En yaşlısı benden biraz büyük ama ne hikmetse kalpaklı fişekli "gaziler"... Gerçek kurtuluş savaşı gazilerinden en gencinin kabaca 125 yaşında olması gerekirken...
Küçük insanlar müsamereye bayılırlar. Bunlara bir de Atatürk'ü "azıcık andıran" vatandaşlara Atatürk oynatılmasını ekleyiniz.
Sakillik öyle boyutlara ulaşmıştı ki, Atatürk Şişli'deki evinden Dolmabahçe'ye 1965 model bir Chevrolet Impala'ya binerek gidiyordu! "Eski araba" ya...
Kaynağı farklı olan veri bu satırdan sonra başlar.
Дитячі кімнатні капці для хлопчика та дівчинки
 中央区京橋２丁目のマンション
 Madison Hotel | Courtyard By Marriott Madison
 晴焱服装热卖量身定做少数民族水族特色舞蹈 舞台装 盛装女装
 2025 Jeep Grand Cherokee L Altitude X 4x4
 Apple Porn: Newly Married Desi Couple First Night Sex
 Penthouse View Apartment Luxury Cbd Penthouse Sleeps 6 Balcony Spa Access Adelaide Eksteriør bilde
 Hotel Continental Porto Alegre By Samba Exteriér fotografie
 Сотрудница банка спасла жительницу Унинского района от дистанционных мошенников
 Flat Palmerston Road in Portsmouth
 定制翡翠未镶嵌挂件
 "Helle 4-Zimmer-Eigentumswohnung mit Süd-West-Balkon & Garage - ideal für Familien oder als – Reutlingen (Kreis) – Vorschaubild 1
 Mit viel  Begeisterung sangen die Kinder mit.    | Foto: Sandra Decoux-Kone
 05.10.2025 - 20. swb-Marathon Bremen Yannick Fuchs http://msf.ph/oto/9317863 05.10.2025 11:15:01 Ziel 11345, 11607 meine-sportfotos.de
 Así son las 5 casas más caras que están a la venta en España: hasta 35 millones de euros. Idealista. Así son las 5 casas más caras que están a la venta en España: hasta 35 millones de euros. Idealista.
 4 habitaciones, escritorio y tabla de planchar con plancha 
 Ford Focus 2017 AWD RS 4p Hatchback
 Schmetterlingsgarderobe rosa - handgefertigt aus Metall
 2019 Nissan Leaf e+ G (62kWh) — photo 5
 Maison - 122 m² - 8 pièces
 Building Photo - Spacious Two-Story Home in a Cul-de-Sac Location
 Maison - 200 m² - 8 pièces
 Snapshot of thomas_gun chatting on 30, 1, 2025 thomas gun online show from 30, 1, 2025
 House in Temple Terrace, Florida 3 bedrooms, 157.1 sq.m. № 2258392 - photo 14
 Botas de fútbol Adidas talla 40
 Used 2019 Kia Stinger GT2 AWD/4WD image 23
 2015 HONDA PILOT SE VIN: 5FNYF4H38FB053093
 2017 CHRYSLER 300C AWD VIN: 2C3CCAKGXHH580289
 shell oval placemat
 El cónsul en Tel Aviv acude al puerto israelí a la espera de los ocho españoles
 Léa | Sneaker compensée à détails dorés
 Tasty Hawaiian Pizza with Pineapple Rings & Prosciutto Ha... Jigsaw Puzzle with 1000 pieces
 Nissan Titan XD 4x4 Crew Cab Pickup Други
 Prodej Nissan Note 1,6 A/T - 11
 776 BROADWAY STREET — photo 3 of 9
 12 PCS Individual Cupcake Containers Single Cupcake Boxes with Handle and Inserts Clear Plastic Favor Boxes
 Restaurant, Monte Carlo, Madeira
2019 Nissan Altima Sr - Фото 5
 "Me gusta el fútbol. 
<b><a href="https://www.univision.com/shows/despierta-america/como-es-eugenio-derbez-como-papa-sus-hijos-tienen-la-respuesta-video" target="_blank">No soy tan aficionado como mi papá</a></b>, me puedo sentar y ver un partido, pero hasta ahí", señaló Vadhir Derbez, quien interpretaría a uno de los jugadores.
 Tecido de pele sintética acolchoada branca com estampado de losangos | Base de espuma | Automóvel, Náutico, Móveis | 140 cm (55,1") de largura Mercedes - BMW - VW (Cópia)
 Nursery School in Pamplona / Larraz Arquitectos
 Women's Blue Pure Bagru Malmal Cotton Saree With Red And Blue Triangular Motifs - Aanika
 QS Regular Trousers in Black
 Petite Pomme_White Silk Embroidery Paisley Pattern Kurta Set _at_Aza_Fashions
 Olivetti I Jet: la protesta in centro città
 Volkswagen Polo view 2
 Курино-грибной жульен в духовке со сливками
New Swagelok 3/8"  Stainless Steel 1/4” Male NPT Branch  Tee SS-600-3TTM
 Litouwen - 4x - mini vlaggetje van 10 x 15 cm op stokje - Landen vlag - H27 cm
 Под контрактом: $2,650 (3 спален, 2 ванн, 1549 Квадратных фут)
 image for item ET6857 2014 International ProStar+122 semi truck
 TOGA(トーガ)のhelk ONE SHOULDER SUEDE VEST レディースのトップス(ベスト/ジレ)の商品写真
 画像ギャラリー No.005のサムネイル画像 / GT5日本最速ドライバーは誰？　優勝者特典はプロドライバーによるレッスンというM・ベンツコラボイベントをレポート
Atatürk'ü andıran adam bulunamayınca da kaymakamın odasından getirtilmiş çerçeveli Atatürk portresi tabii...
Zavallılık öyle boyutlara ulaşmıştı ki, İstanbul'un tiyatro sahnelerinde bile Zübeyde Hanım'ın bacakları arasından "bebek Atatürk" çıkarılarak kutlu doğum yaptırılıyordu!
Tekirdağ'da benzer bir kutlamada bir skandal yaşanmış.
Ulu önderin Tekirdağ'a gelişinin bilmemkaçıncı yıldönümüymüş. Aynı zamanda "harf inkılabının" da yıldönümü. (Tekirdağ vilayeti Kastamonu'dan rol çalıyor.)
Nutuk atmak kesmiyor, İstanbul'dan Atatürk'ü andıran bir adam getirtmişler. Halk somut olarak görecek, görmezse inanmayabilir.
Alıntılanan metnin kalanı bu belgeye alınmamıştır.